Australia: A Police State

Meet The Capability


The government is charting an audacious new course in the ‘war against terrorism’ and it has important implications for us all. At the time of writing, the Australian parliament has passed the first of three tranches of controversial new national security legislation.

Officially known as the National Security Legislation Amendment Bill (No. 1) 2014, these new laws are an affront to democracy and mark an unprecedented threat to the freedom and privacy of all Australians. The raft of measures will considerably strengthen powers for spy agencies and deepen the coercive surveillance apparatus in Australia. There will be no time limit or sunset clause on the Bill.

The new laws give Australian Security Intelligence Organisation (ASIO) officers much greater power to access computers, computer systems and computer networks. This includes access to any number of computers where only a single warrant needs to be issued, including the potential to monitor “an entire corporate network or an entire internet service provider network or at the extreme end the whole internet.”1

Referring to the new legislation, Greens Senator Scott Ludlam, whose party didn’t support the Bill, said in a media release: “Big brother surveillance won’t make Australia safer. These are unprecedented powers that invade the privacy of all Australians for no security benefit.”2

Australian Lawyers Association President Greg Barns told Fairfax Media that the new laws would give security agencies carte blanche, “to surveil anyone, anytime, anywhere within Australia’s borders and possibly overseas if they have a jurisdictional connection to Australia.”3

Mr Barns explained: “This effectively makes it easier for ASIO to spy on all of us and in the absence of strong privacy protections in Australia, what will happen is inevitably there will be abuses of that power. In particular the fundamental right to privacy will be substantially impacted in a very negative way.”4

Under the new laws ASIO officers will have broad civil and criminal immunity.
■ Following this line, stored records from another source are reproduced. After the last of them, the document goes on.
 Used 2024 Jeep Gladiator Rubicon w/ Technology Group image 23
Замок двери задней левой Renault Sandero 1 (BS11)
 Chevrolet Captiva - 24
This means that intelligence officers would not be subject to prosecution if they were to use force or commit a crime in the course of a new class of “special intelligence operation” (SIO). While ASIO employees need to apply to the Attorney-General for authorisation to conduct an SIO, there is no limit on how many operations can be designated as such.
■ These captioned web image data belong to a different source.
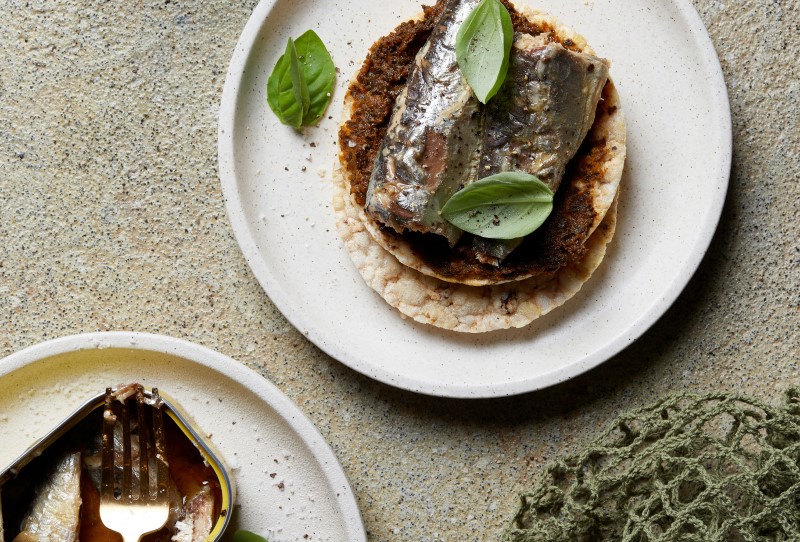 Chermoula & Sardines on Corn Thins slices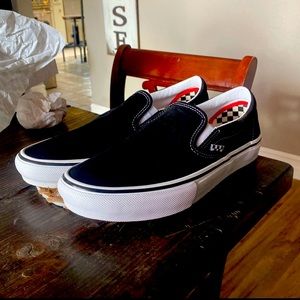 Size 10.5 slip on pop Cush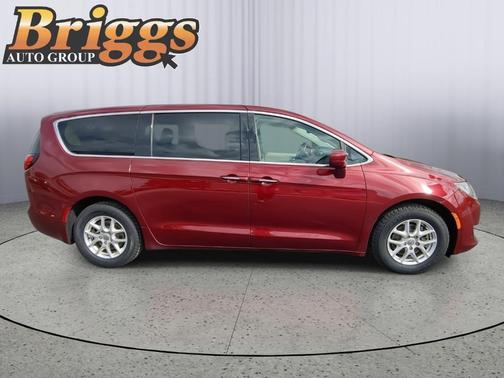 2020 Chrysler Pacifica Touring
In light of the Edward Snowden scandal that hit the US National Security Agency, the new laws strengthen penalties for the leaking of information. Any intelligence officer found copying or removing classified intelligence material without authorisation could now face up to three years jail. If the officer is found to have passed information to a third party, they could face up to ten years imprisonment.

There are new offences created for anyone found to reveal or share information about an SIO. Whistleblowers and anyone else who discloses an SIO could face up to five years jail, or up to ten years if it endangers someone’s health and safety or prejudices the effective conduct of an operation.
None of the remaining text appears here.